> [YOUR ASSIGNMENT]
Two lines below mark the span: the one containing "クリスタルボウルでご挨拶（個別スタンプ：5）" and the one containing "Olivia Garden Ceramic+ion". Set down both, plus every line between, exactly as they stand, and nothing else.

(Short text fragments from websites)
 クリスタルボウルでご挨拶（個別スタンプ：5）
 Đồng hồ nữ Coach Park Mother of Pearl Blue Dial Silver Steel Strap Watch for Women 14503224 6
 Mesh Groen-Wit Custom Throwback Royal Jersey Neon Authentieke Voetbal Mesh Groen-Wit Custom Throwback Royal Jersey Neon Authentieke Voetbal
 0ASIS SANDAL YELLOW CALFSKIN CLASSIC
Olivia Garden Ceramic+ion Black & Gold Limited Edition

--

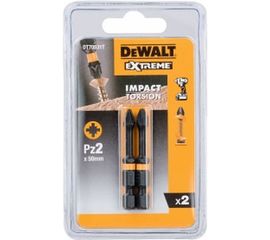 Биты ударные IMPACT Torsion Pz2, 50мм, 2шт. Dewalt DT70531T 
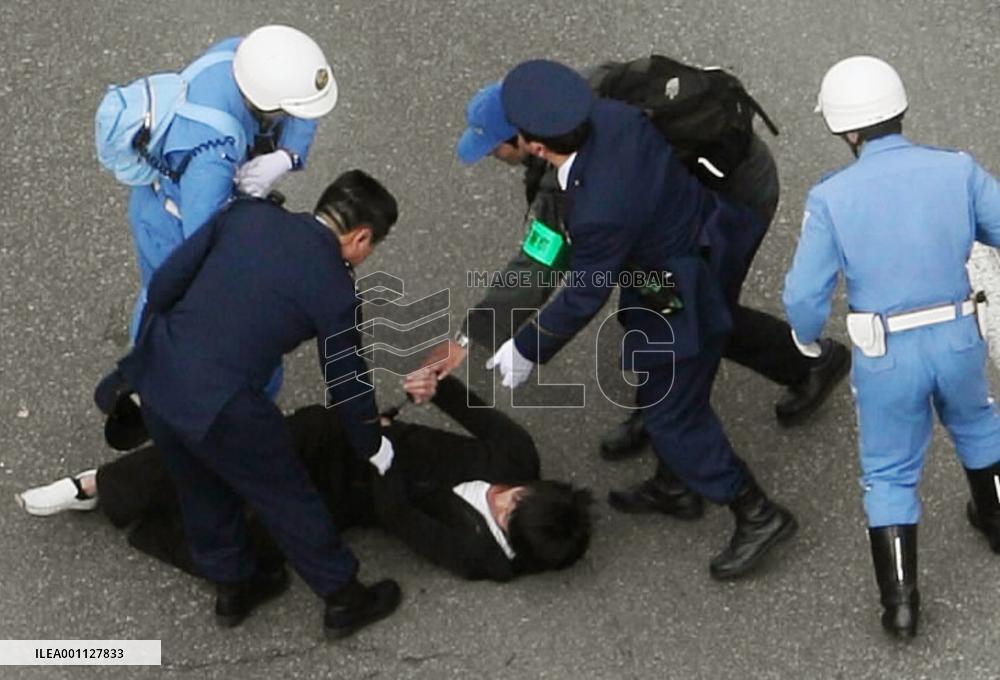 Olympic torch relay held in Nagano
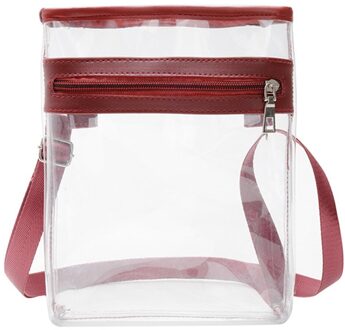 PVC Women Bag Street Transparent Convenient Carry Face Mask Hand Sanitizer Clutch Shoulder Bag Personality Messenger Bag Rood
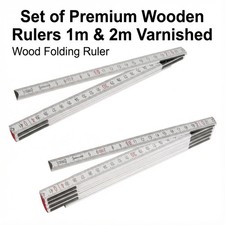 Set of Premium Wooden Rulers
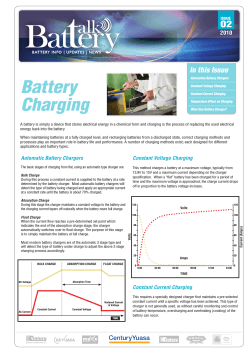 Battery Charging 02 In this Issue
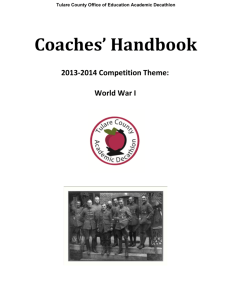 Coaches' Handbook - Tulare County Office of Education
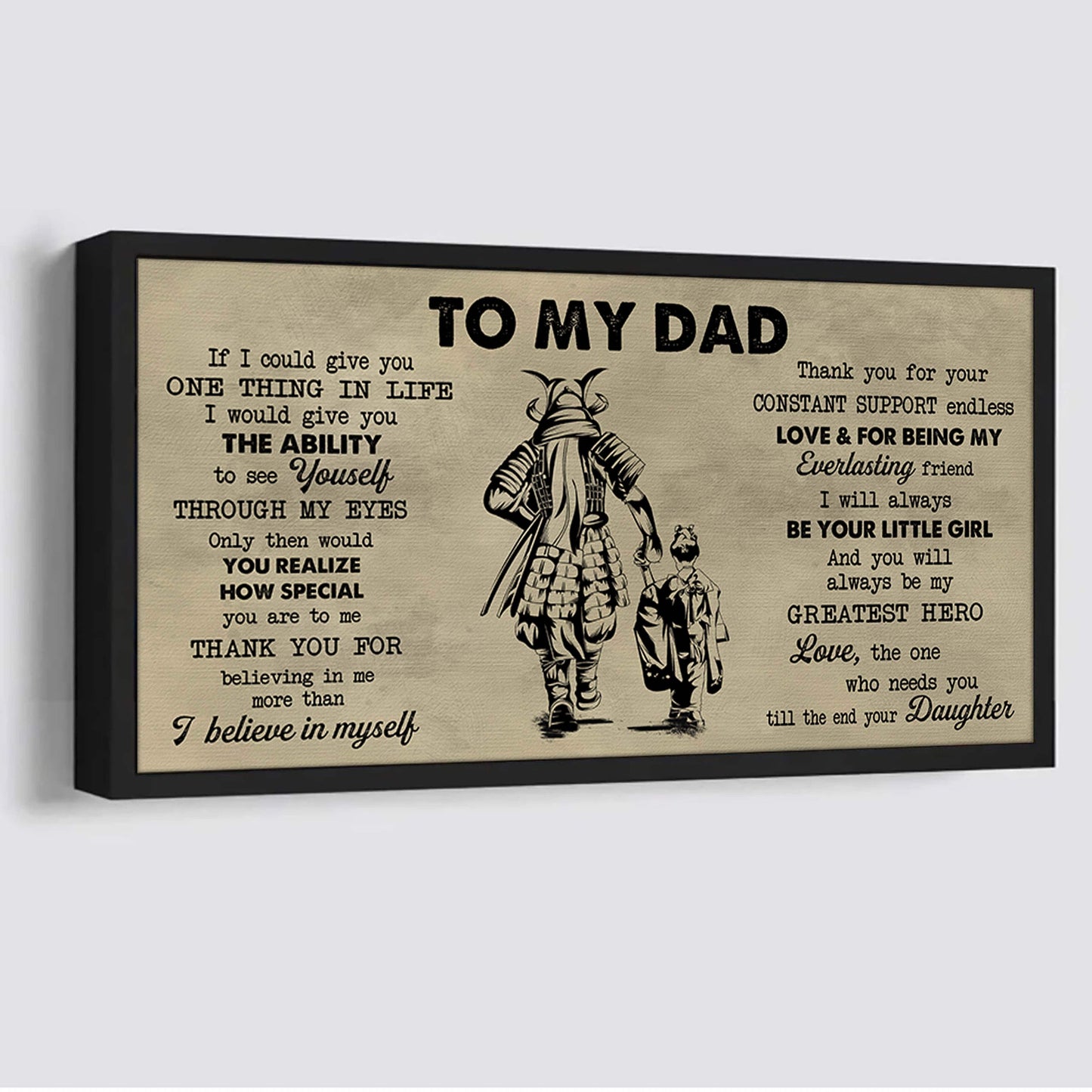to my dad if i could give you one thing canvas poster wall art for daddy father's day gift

> [TASK RESULT]
 クリスタルボウルでご挨拶（個別スタンプ：5）
 Đồng hồ nữ Coach Park Mother of Pearl Blue Dial Silver Steel Strap Watch for Women 14503224 6
 Mesh Groen-Wit Custom Throwback Royal Jersey Neon Authentieke Voetbal Mesh Groen-Wit Custom Throwback Royal Jersey Neon Authentieke Voetbal
 0ASIS SANDAL YELLOW CALFSKIN CLASSIC
Olivia Garden Ceramic+ion Black & Gold Limited Edition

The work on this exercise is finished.